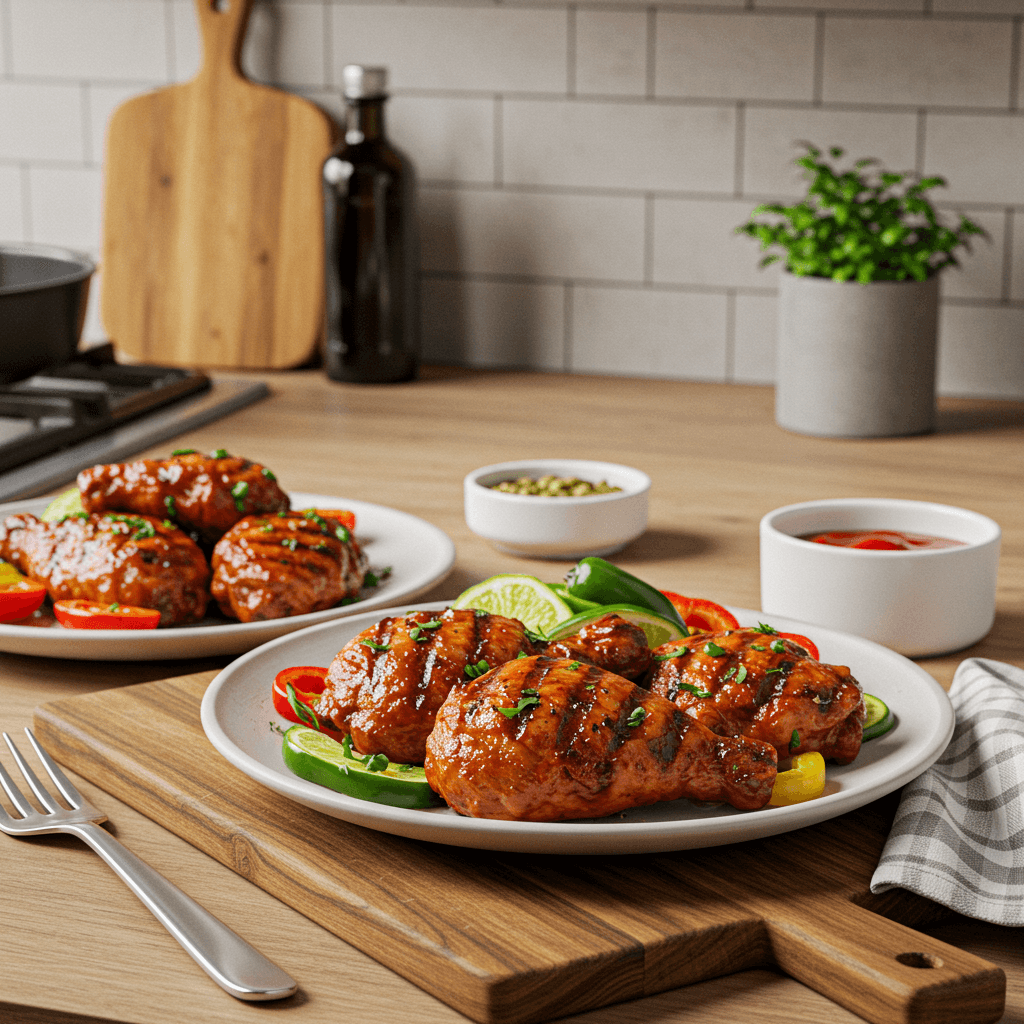 Spicy Grilled Barbecue Chicken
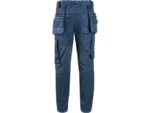 Pantaloni de lucru slim-fit 4-way stretch cu Cordura CXS albastru
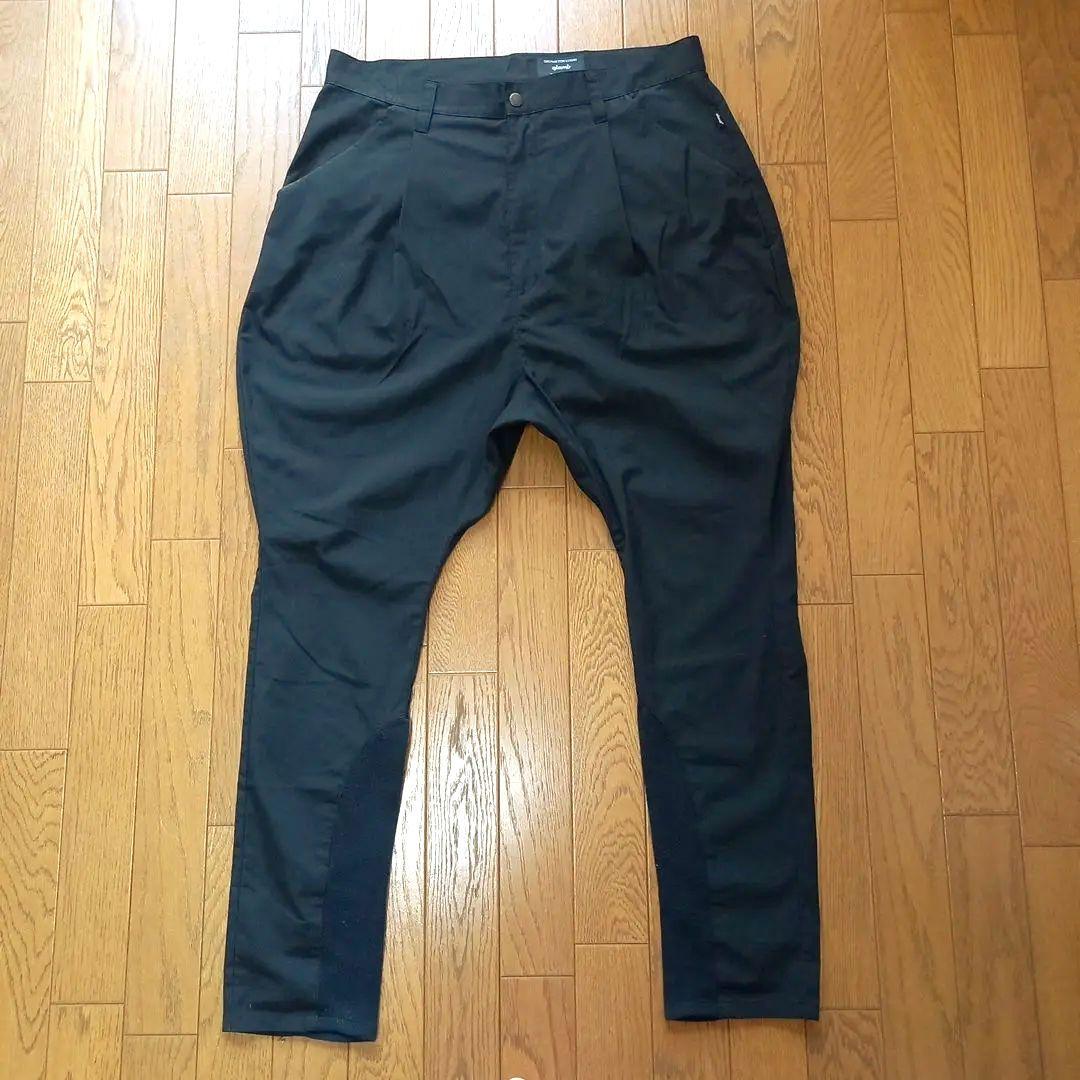 グラム glamb シモンジョッパーズパンツ サルエル ブラック 切り替えリブ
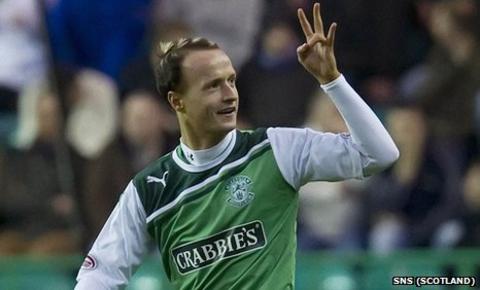 Leigh Griffiths has been with Hibs since August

###

[REQUIREMENT]: Please copy the data above exactly; the pictures do not belong in the copy.

[YOUR RESPONSE]:
 Spicy Grilled Barbecue Chicken
 Pantaloni de lucru slim-fit 4-way stretch cu Cordura CXS albastru
 グラム glamb シモンジョッパーズパンツ サルエル ブラック 切り替えリブ
 Leigh Griffiths has been with Hibs since August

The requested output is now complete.